Walaupun sebagian besar penelitian terfokus pada periode hingga 2100,
pemanasan dan kenaikan muka air laut diperkirakan akan terus berlanjut
selama lebih dari seribu tahun walaupun tingkat emisi
gas rumah kaca telah stabil.
[1] Ini mencerminkan besarnya
kapasitas kalor lautan.
Meningkatnya suhu global diperkirakan akan menyebabkan
perubahan-perubahan yang lain seperti naiknya permukaan air laut,
meningkatnya intensitas fenomena cuaca yang ekstrem,
[2] serta perubahan jumlah dan pola
presipitasi. Akibat-akibat pemanasan global yang lain adalah terpengaruhnya hasil
pertanian, hilangnya
gletser, dan
punahnya berbagai jenis
hewan.
Beberapa hal yang masih diragukan para
ilmuwan
adalah mengenai jumlah pemanasan yang diperkirakan akan terjadi pada
masa depan, dan bagaimana pemanasan serta perubahan-perubahan yang
terjadi tersebut akan bervariasi dari satu daerah ke daerah yang lain.
Hingga saat ini masih terjadi perdebatan politik dan publik di dunia
mengenai apa, jika ada, tindakan yang harus dilakukan untuk mengurangi
atau membalikkan pemanasan lebih lanjut atau untuk beradaptasi terhadap
konsekuensi-konsekuensi yang ada. Sebagian besar pemerintahan
negara-negara di dunia telah menandatangani dan meratifikasi
Protokol Kyoto, yang mengarah pada pengurangan emisi
gas-gas rumah kaca.
Penyebab pemanasan global
Efek rumah kaca
Segala sumber energi yang terdapat di Bumi berasal dari
matahari. Sebagian besar energi tersebut berbentuk radiasi gelombang pendek, termasuk
cahaya tampak.
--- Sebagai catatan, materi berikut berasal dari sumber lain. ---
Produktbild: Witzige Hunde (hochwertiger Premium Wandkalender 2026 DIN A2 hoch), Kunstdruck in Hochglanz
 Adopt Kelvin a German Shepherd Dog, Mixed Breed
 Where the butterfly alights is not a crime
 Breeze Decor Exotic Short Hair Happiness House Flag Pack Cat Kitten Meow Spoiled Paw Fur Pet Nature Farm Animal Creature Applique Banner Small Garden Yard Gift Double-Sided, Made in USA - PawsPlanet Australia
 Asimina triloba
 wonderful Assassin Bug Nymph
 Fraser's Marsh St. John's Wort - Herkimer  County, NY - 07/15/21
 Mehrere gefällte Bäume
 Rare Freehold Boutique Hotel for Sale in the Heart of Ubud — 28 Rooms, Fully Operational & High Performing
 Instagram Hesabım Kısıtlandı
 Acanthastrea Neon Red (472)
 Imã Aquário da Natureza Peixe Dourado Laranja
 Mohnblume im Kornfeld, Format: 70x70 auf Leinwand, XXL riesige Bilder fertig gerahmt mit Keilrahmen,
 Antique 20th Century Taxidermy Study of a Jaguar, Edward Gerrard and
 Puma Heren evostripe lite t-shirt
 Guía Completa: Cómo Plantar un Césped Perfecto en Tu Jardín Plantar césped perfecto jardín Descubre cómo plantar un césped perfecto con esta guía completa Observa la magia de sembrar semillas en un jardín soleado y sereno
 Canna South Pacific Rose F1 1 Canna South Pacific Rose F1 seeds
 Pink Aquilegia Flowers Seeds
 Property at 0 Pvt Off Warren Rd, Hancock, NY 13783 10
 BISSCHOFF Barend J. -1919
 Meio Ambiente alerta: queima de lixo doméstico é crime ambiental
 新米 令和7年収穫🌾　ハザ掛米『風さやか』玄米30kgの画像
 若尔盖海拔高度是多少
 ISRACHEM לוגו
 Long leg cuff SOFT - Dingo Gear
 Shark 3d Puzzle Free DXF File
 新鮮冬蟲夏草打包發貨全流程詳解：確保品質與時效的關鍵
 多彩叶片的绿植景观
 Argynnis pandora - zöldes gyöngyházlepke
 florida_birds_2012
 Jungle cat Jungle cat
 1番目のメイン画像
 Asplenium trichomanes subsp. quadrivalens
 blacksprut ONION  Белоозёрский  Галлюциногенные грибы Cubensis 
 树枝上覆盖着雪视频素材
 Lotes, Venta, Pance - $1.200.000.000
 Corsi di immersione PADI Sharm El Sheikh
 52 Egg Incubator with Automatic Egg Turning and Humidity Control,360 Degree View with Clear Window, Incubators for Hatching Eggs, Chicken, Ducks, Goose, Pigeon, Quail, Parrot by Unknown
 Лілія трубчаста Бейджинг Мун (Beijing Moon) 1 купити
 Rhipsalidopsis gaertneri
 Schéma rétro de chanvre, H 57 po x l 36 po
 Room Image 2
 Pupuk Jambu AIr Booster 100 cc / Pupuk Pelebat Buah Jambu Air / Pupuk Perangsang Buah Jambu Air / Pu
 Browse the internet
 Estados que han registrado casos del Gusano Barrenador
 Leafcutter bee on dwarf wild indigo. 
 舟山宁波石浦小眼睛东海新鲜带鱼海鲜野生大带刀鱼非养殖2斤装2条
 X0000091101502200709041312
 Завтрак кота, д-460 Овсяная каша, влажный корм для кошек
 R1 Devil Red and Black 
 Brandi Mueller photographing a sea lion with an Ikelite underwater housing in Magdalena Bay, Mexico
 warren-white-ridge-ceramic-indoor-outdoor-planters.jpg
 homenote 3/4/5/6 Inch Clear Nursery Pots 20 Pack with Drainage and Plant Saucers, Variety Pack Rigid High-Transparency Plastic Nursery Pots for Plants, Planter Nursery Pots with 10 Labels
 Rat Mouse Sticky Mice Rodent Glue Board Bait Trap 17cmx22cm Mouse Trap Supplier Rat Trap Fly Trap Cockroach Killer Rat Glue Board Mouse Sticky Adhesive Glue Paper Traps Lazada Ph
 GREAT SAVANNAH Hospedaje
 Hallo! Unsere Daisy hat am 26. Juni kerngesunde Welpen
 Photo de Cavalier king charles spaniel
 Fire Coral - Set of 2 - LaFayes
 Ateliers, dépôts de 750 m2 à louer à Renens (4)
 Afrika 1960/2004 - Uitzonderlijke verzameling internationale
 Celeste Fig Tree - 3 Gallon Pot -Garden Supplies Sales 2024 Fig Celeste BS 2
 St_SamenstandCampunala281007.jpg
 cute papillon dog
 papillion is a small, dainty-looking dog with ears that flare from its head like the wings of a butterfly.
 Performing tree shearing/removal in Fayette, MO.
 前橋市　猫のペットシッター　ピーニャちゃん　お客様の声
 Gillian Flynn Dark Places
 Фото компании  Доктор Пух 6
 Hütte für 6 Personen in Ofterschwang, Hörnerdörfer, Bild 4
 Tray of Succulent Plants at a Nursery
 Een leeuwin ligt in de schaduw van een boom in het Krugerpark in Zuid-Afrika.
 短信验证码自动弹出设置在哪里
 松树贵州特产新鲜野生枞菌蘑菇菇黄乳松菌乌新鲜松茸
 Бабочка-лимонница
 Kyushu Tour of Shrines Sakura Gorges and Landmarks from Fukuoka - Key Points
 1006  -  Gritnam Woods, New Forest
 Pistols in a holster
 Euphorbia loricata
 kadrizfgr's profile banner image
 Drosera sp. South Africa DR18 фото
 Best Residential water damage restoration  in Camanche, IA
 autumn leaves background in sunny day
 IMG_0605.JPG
Ketika energi ini tiba permukaan
Bumi, ia berubah dari cahaya menjadi panas yang menghangatkan
Bumi.
Permukaan Bumi, akan menyerap sebagian panas dan memantulkan kembali sisanya. Sebagian dari panas ini berwujud radiasi
infra merah gelombang panjang ke angkasa luar. Namun sebagian panas tetap terperangkap di
atmosfer Bumi akibat menumpuknya jumlah
gas rumah kaca antara lain
uap air,
karbon dioksida,
sulfur dioksida dan
metana yang menjadi perangkap gelombang radiasi ini. Gas-gas ini menyerap dan memantulkan kembali
radiasi gelombang yang dipancarkan
Bumi dan akibatnya panas tersebut akan tersimpan di
permukaan Bumi. Keadaan ini terjadi terus menerus sehingga mengakibatkan
suhu rata-rata tahunan
bumi terus meningkat.
Gas-gas tersebut berfungsi sebagaimana gas dalam
rumah kaca. Dengan semakin meningkatnya konsentrasi gas-gas ini di atmosfer, semakin banyak panas yang terperangkap di bawahnya.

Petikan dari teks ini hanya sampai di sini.